Meredith must focus on all areas of the facility, not just the court during basketball and volleyball games, and he usually handles contracts and payouts behind locked office doors while legendary performers entertain sellout crowds.
What many fail to recognize is that the United Spirit Arena is open 365 days every year, Meredith said, with the high visibility games and concerts complemented by practices, business meetings, banquets, commencements, holiday parties, rooms rented to student and community groups on a daily basis and 55-60 days of summer camps.
Full-time employees at the USA total six a pair of supervisors dealing specifically with the basketball court, and Meredith and his trio of assistants: Cindy Harper, assistant director/manager of marketing and guest relations; Dan Burns, associate director; and Jim Bush, technical director.
Meredith also noted that, because the building belongs to Texas Tech, he delegates a lot of responsibility to a large number of Tech students working “part-time, but in growing positions of authority.”
Assuring smooth day-to-day operation of the facility is only one reason. Another reason he encourages students is because he may be grooming a new generation of facility administrators.
Meredith stumbled upon his vocation-of-choice accidentally. But for a door opening here and there, he may have wound up owning a garden center or teaching high school drama. Those were careers he considered while a San Antonio high school student.
Meredith began working at age 15 at Grimms Nursery, physically demanding landscaping work outdoors in San Antonio’s high temperatures and high humidity. It was a satisfying job; he kept it for four years. His only extracurricular interest in high school was "theater and drama."
If it weren’t for his older brother Vick, Meredith said he probably still be at the nursery.
“I went to Southwest Texas State because that’s where my brother went,” he said. “But he was the one who pushed me to go to college.”

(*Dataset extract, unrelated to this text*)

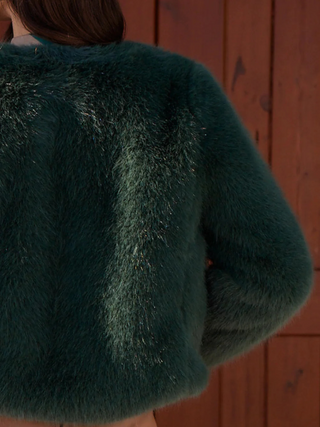 Glacier Faux Fur Jacket - Emerald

Meredith was a theater major for a year before looking for other options. He tried out for and made the cheerleading squad his second semester. That paid off when the cheerleaders’ sponsor turned out to be the director of the newly opened 8,000-seat Strahan Coliseum.

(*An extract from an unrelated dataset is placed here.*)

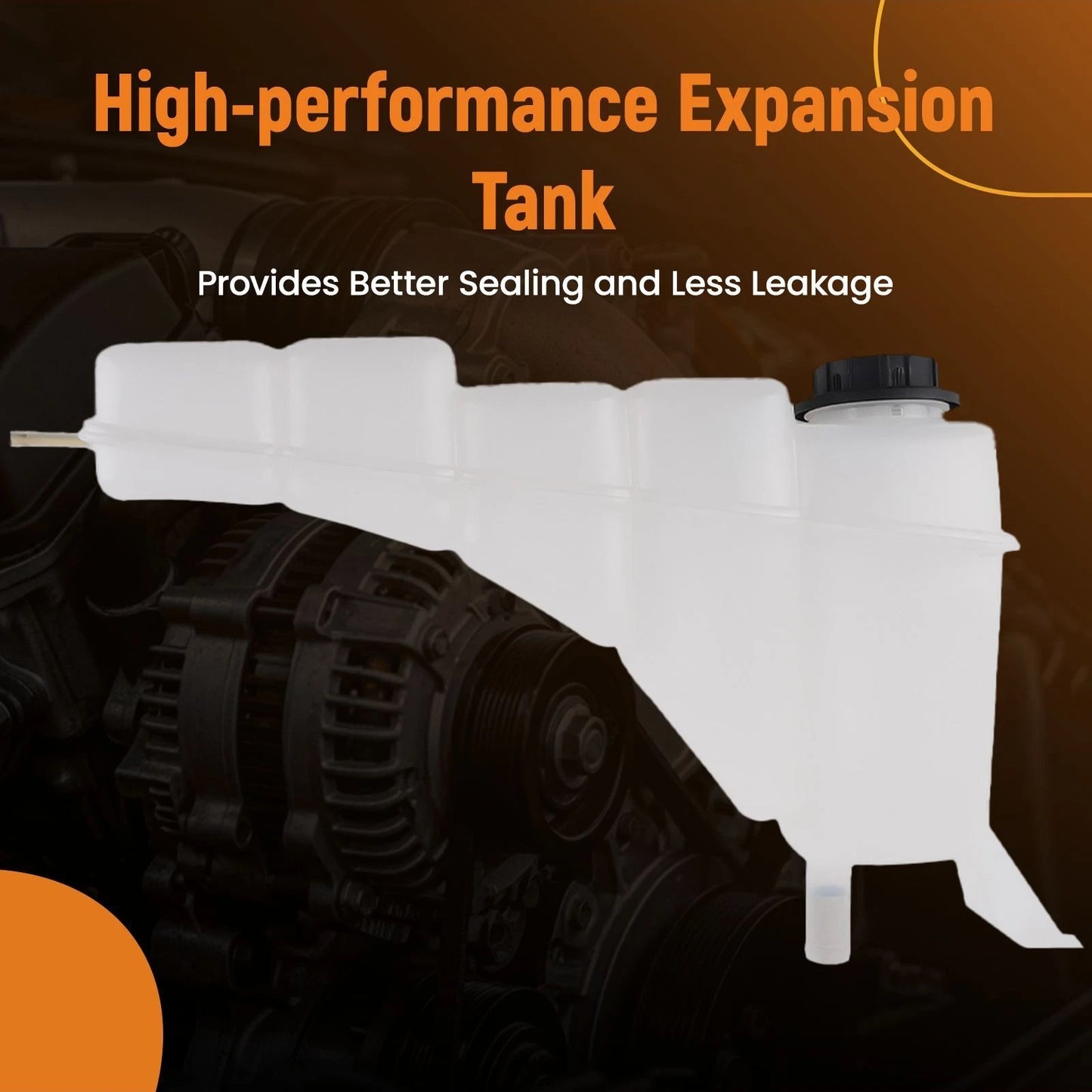 Coolant Recovery Bottle for Ford F-250 F-350 F-450 F-550 (1999–2003)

Already on financial aid, Meredith began working at the coliseum and, from there, added Bobcat Stadium to his resume. He loved the diversity of duties.
“This was the greatest job I’d ever had,” he said. “It was an exciting environment where I helped with basketball games, with appearances by celebrities like Phil Donahue, with concerts by George Strait, who is a Southwest Texas State alumnus. I wasn’t sure which classes would help maybe psychology, maybe political science so I took them all. The closest degree that played into all this turned out to be in recreational administration.”
No jobs were available when he graduated and returned to San Antonio, so he went to work for his brother, who “gave me an opportunity to earn a lot of money working with copiers and fax machines.”
He earned a master’s degree and then spent a year counseling students. “But I still missed facility management,” he said.
The Alamo Dome opened in 1993. He called, left resumes and applied for everything.
“Sometimes you have to make sacrifices,” Meredith said. So he volunteered to work part time at the Alamo Dome for free, while keeping another paying job.
Meredith’s skills were noted, and he eventually was hired at the Alamo Dome. In three years, he became assistant to the director.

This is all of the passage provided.